▸ What you need to do
When you reach the line that contains "Photo of 3690" in the data below, start reproducing lines exactly, and stop after the line that contains "Capacete SAN marino".

▸ Input
---

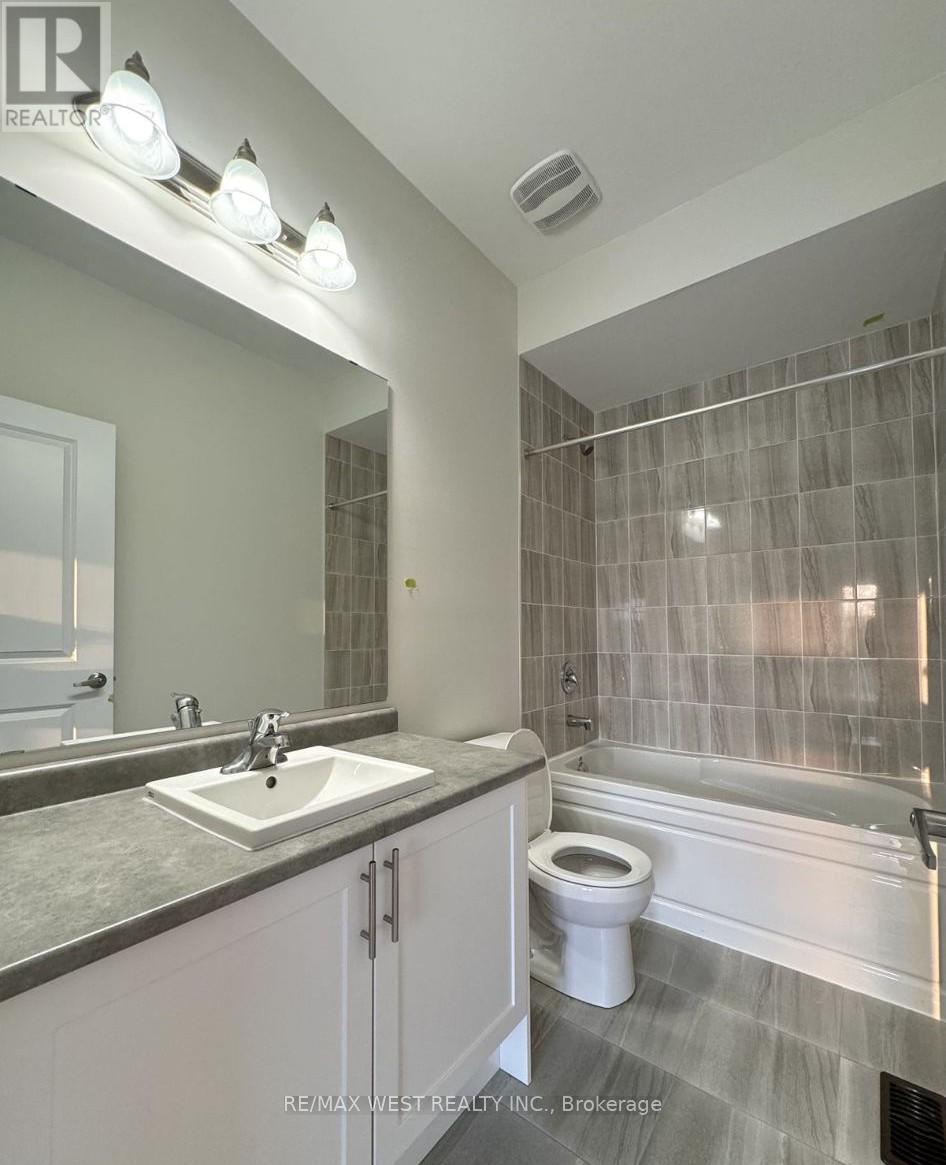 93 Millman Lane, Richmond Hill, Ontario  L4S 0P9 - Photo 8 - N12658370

---

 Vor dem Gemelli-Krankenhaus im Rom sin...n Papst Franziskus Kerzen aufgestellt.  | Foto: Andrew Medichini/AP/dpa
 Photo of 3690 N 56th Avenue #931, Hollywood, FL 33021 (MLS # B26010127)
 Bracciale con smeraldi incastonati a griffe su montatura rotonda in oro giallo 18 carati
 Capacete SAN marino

---

▸ Expected answer
 Photo of 3690 N 56th Avenue #931, Hollywood, FL 33021 (MLS # B26010127)
 Bracciale con smeraldi incastonati a griffe su montatura rotonda in oro giallo 18 carati
 Capacete SAN marino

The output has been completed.